*Recorded data*.

_____

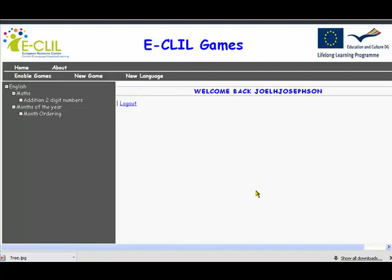Welcome back to the Eklil Games Engine how-to videos. We're going to do two videos on how to use different aspects of the Games Engine. This is part one, which is on the very simple maths game.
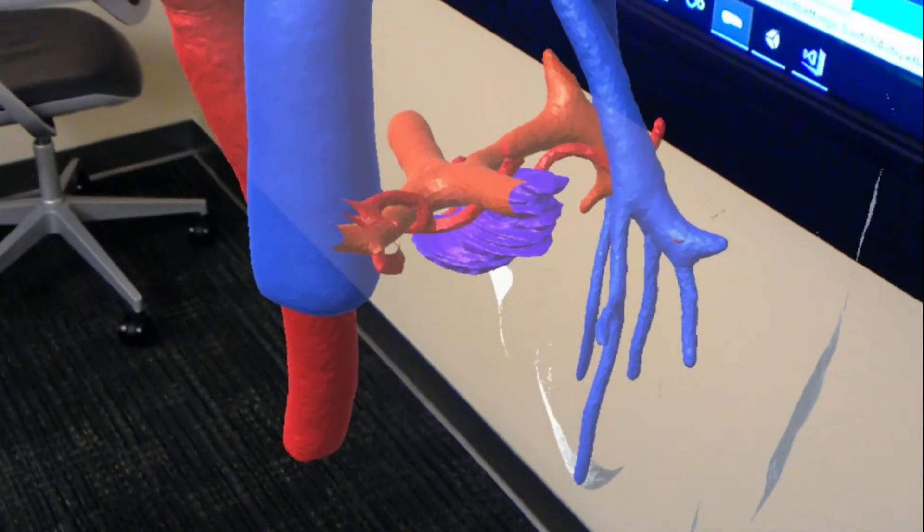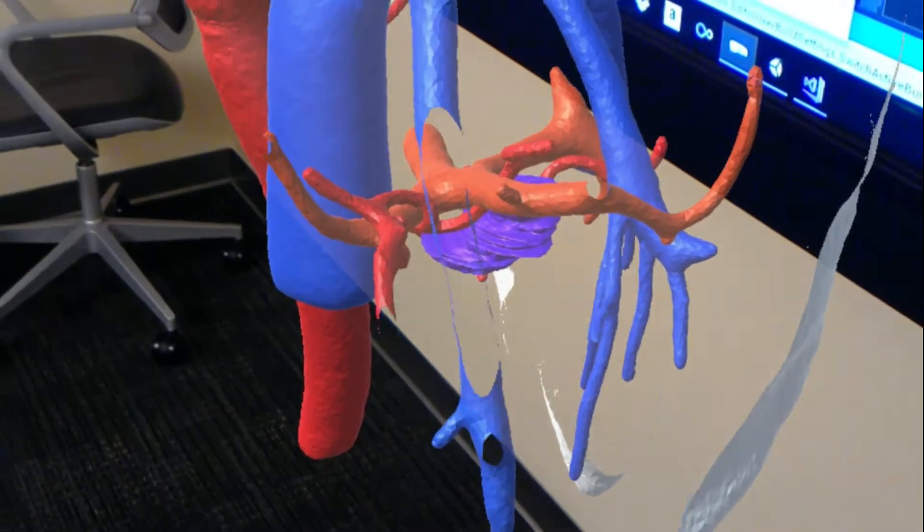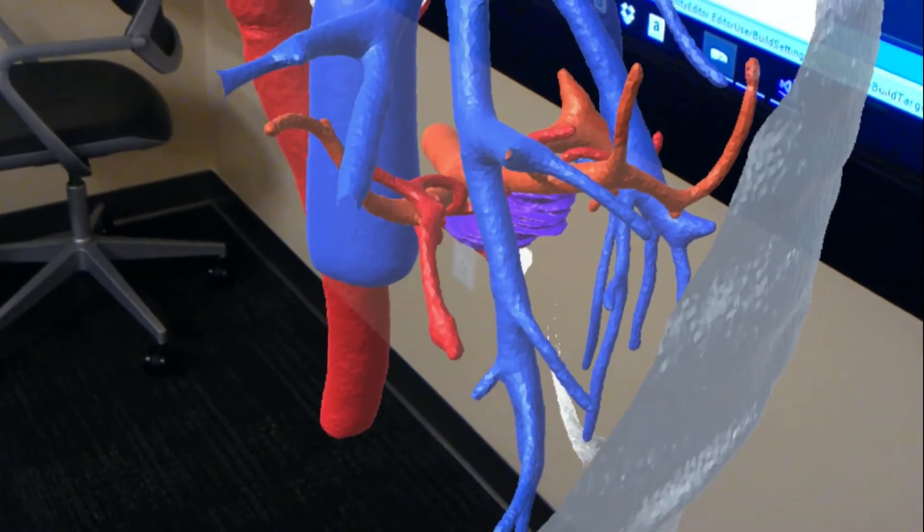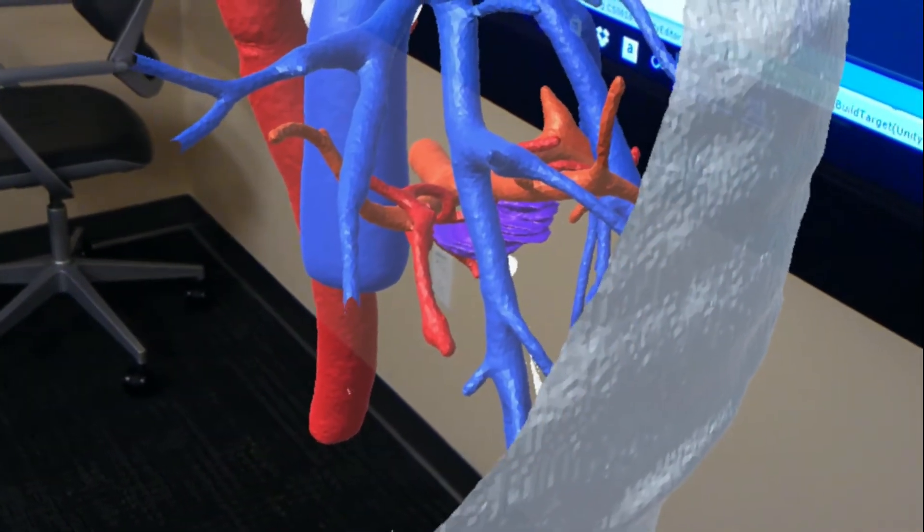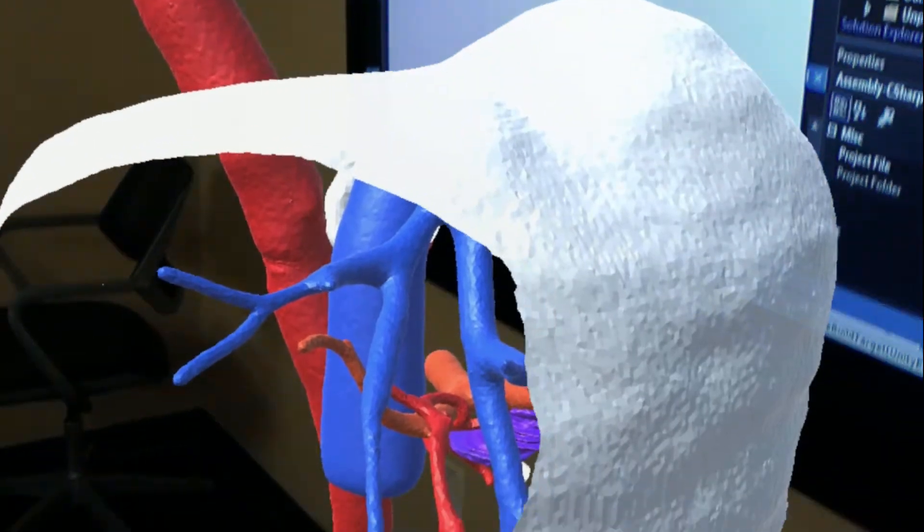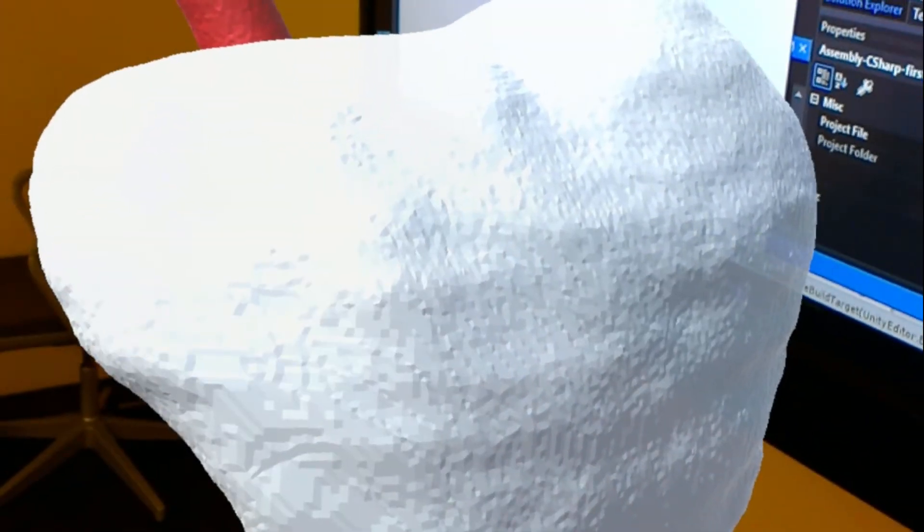We can see how it relates to the portal vein, which is orange, and the hepatic veins.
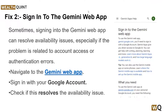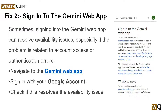Solution 2: Sign in to the Gemini web app. Sometimes signing into the Gemini web app can resolve availability issues, especially if the problem is related to account access or authentication errors. To do this, you can simply navigate to the Gemini web app and then sign in with your Google account.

_____

*Work instructions*. Give back the full listing verbatim, skipping each picture.

*Written answer*.
Welcome back to the Eklil Games Engine how-to videos. We're going to do two videos on how to use different aspects of the Games Engine. This is part one, which is on the very simple maths game.
We can see how it relates to the portal vein, which is orange, and the hepatic veins.
Solution 2: Sign in to the Gemini web app. Sometimes signing into the Gemini web app can resolve availability issues, especially if the problem is related to account access or authentication errors. To do this, you can simply navigate to the Gemini web app and then sign in with your Google account.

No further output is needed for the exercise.